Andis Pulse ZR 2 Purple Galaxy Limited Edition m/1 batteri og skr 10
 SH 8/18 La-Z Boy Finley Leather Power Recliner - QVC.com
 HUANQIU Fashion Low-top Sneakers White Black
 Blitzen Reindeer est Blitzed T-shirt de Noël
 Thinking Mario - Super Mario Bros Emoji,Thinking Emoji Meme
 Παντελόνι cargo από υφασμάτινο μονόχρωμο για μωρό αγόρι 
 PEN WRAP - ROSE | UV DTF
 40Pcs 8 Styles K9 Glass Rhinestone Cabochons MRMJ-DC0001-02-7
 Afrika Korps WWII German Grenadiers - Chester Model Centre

▬▬▬▬▬▬▬▬▬▬

> **Activity**: Transcribe all the material, keeping each word as it is.

> **Solution to this problem**:
Andis Pulse ZR 2 Purple Galaxy Limited Edition m/1 batteri og skr 10
 SH 8/18 La-Z Boy Finley Leather Power Recliner - QVC.com
 HUANQIU Fashion Low-top Sneakers White Black
 Blitzen Reindeer est Blitzed T-shirt de Noël
 Thinking Mario - Super Mario Bros Emoji,Thinking Emoji Meme
 Παντελόνι cargo από υφασμάτινο μονόχρωμο για μωρό αγόρι 
 PEN WRAP - ROSE | UV DTF
 40Pcs 8 Styles K9 Glass Rhinestone Cabochons MRMJ-DC0001-02-7
 Afrika Korps WWII German Grenadiers - Chester Model Centre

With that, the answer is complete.